The LAUSD decision followed a tense March meeting where board members voted 4-3 against granting Locke a new five-year charter. That narrow margin may carry enormous consequences: if the county board sides with the district, the school would have to close, according to the Los Angeles Times. District staff had urged denial after comparing Locke’s academic results with those at nearby traditional schools, the Times reported.
Locke and Green Dot counter with their own story line of long-haul improvement. A school presentation to the LAUSD board shows the graduation rate climbing from about 43% in 2008 to roughly 72% in 2025, and highlights strong year-over-year growth even as overall scores still trail state averages. The materials also spell out Locke’s demographics, including high levels of economic hardship, student mobility and special-education needs, and frame those realities as key context for evaluating performance.

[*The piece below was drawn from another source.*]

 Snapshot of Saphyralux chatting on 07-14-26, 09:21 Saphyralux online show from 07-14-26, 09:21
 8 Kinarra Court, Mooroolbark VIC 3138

School leaders argue that those gains, coupled with vocal community backing, should carry weight in the county review.
Supporters and alumni have not taken the district’s move quietly. “It really transformed it,” said Michael McElveen, a Locke graduate who now works for Green Dot, in an interview with NBC Los Angeles. McElveen and other backers told reporters they see Locke as a neighborhood lifeline and called on county officials to reinstate the charter.
Why the district denied renewal
District staff told board members their analysis suggested some Locke students would likely have done better at nearby residential schools. That comparison proved convincing to a majority of trustees, who followed the staff recommendation to reject the renewal, the Los Angeles Times reported. Board members leaned heavily on absolute proficiency levels, even as Green Dot emphasized how quickly many students grow academically once they enroll at Locke.
What happens next
Green Dot has taken its case to the Los Angeles County Board of Education and says the county will consider the appeal next month, according to NBC Los Angeles. If county officials uphold LAUSD’s denial, Locke would be ordered to close. If the county reverses the call, the school could keep operating under its charter.

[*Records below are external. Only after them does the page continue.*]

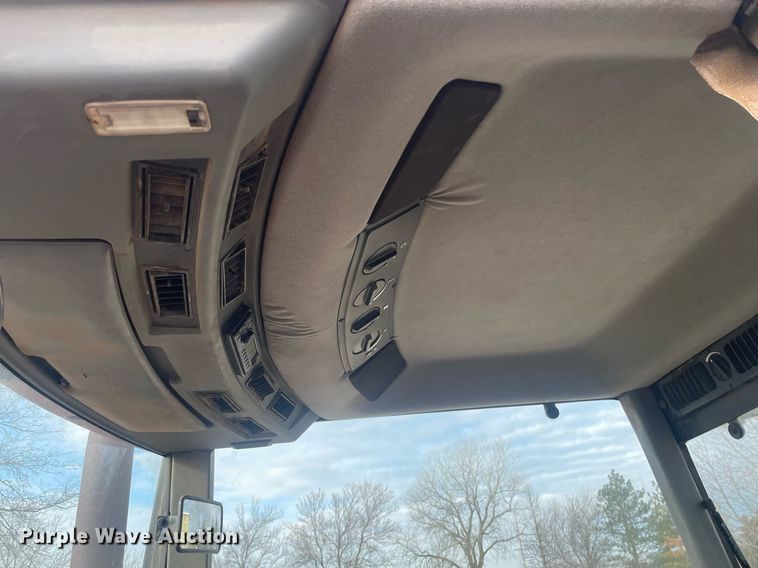 image for item MY9127 1988 Case IH 7120  MFWD tractor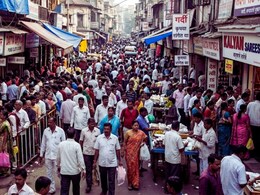 Pune News : पुण्यातील बाजारपेठांमध्ये मोठी गर्दी, दुकानांबाहेर मोठी झुंबड; वस्तुंसाठी तब्बल 8 दिवसांचं वेटिंग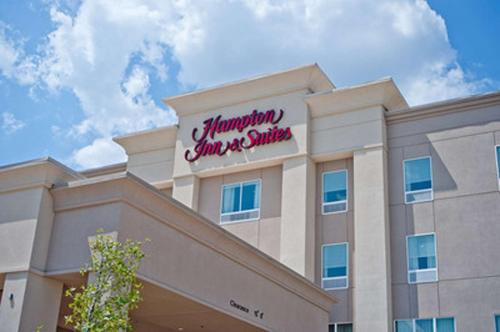 Hampton Inn & Suites Denison - main image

Community and students at stake
Green Dot’s filings stress that Locke serves one of the region’s highest-need high school communities and include a roster of local organizations and elected officials who supported renewal, according to the school presentation. That makes the county hearing a political barometer as well as an academic judgment for a campus Green Dot says it has spent 17 years rebuilding.
For now, all eyes shift to the county board’s meeting calendar. Parents, alumni and Green Dot officials say they will keep lobbying, while district leaders stand by the LAUSD review. The LAUSD Board of Education website posts the charter petition, staff reports and meeting records for anyone who wants to dig into the paper trail, which remains the official public record of the dispute.